All of lore.kernel.org
 help / color / mirror / Atom feed
* RFC: TTM
@ 2009-11-05 15:48 Jerome Glisse
  2009-11-07 20:36 ` Thomas Hellström
  0 siblings, 1 reply; 2+ messages in thread
From: Jerome Glisse @ 2009-11-05 15:48 UTC (permalink / raw)
  To: dri-devel, linux-kernel; +Cc: thomas, bskeggs, Dave Airlie

Hi,

I would like to do some modification for 2.6.33, so i figure it's good
time to talk about them. I have 2 aims :
1) add flexibility to bo placement
2) simplify bo move code
3) avoid sub optimal move scenario
4) Allow support of GPU with unmappable memory

1) i think the core idea is to take memory placement table as
an argument rather than having one static table. Here are the API
change (code change is pretty straight forward):

        int ttm_buffer_object_validate(struct ttm_buffer_object *bo,
                                       uint32_t proposed_placement,
                                       uint32_t *mem_type_prio,
                                       uint32_t num_mem_type_prio,
                                       bool interruptible, bool no_wait)

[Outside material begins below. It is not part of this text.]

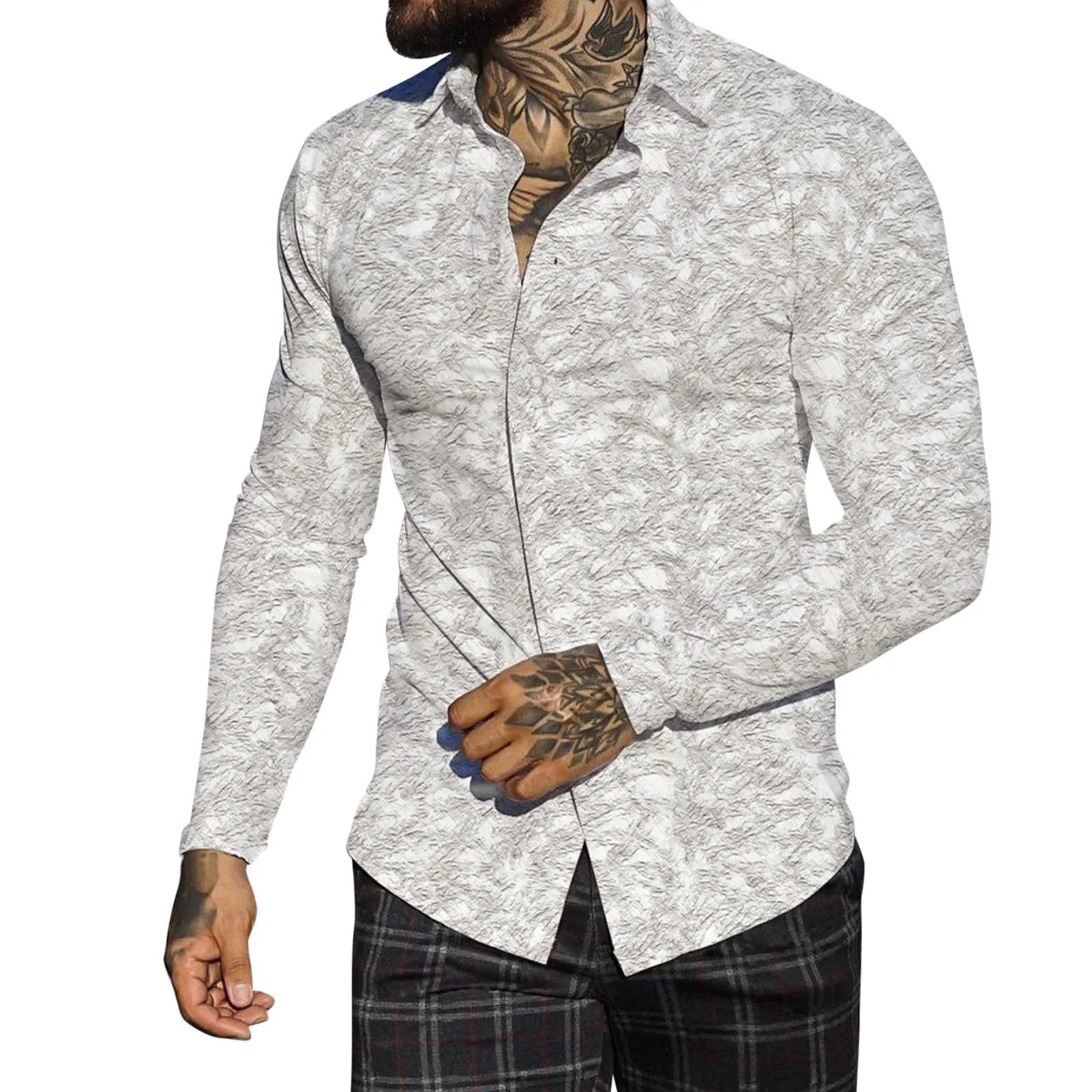 

Men Shirts v-neck Autumn Winter Single Breasted Casual Lapel Full Print Beach Long Sleeve men Vacation Outdoor Holiday Shirt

        int ttm_bo_move_buffer(struct ttm_buffer_object *bo,
			       uint32_t proposed_placement,
                               uint32_t *mem_type_prio,
                               uint32_t num_mem_type_prio,
	                       bool interruptible, bool no_wait);
        
        int ttm_bo_mem_space(struct ttm_buffer_object *bo,
                             uint32_t proposed_placement,
                             struct ttm_mem_reg *mem,
                             uint32_t *mem_type_prio,
                             uint32_t num_mem_type_prio,
                             bool interruptible, bool no_wait);

Drive conversion in first pass could be as easy as supplying the current
fixed table. Then driver can take advantage of this feature. For
instance a big texture can have such priority tables: [vram, gart],
while a small texture or a temporary one or vertex buffer could have
[gart, vram].


2 & 3 can be achieve by the following change
      New driver callback :
          - bo_move
          - mem_copy
      Remove the old move callback
All core ttm replace call to ttm_bo_move_buffer by a driver callback to
bo_move. Driver bo_move callback should then call ttm_bo_move_buffer
several time until achieving the wanted result. Example of a bo_move
callback :
int radeon_bo_move(struct ttm_buffer_object *bo,
                   uint32_t proposed_placement,
                   uint32_t *mem_type_prio,
                   uint32_t num_mem_type_prio,
                   bool interruptible, bool no_wait)
{
	int ret;

	if (new|old.type == VRAM && new|old.type == SYSTEM) {
	        ret = ttm_bo_move_buffer(bo, GTT, ...)
        }
	ret = ttm_bo_move_buffer(bo, proposed_placement, ...)
}

The mem_copy is just their to copy data btw 2 valid gpu address.
This change would simplify quite a bit the driver code while not
needing much change to ttm :
        -ttm_bo_handle_move_mem need to call mem_copy and 
         ttm_bo_move_accel_cleanup
	-evict path need to be adapted to use the driver callback
         bo_move
	-s/ttm_bo_move/driver->bo_move

Beside simplifying driver code it allows to kill unoptimal pattern.
For instance nowadays on radeon when we get move a BO from VRAM to
system here is what happen (evil AGP case) :
	-ttm_bo_handle_move_mem allocate ttm for system, cached
         memory
	        -radeon move callback changes the memory to uncached
	         allocate tmp mem block in GTT to do the copy cleanup
                 its mess

New scheme:
	-call radeon move_bo
		-call ttm_bo_handle_move_mem VRAM->GTT which allocate
                 uncached memory for ttm and thus can use pool allocator
		 also ttm_bo_handle_move_mem now do the cleanup
                -call ttm_bo_handle_move_mem GTT->SYSTEM call
                 ttm_bo_move_ttm and then ttm_bo_handle_move_mem
Less code in the driver and not that much more in the ttm, also if we
ever have to support a gpu with bigger move dependency chain it would
be a lot easier with this scheme. For instance a GPU with VRAM0, VRAM1
and GTT where VRAM1 can only communicate with VRAM0, and VRAM0 can
communicate with VRAM1 & GTT.


4) haven't looked much at the code for this one thus my solution might
not be doable. TTM would have man->io_size != man->size. TTM would
evict|move buffer to a somewhere CPU can access if userspace calls mmap
or read/write on the buffer. TTM would also need a new flag to force
placement in visible area for some buffer (like scanout). Driver would
be responsible to pass some kind of hint to ttm to only place buffer
with unfrequent CPU access into the unvisible area.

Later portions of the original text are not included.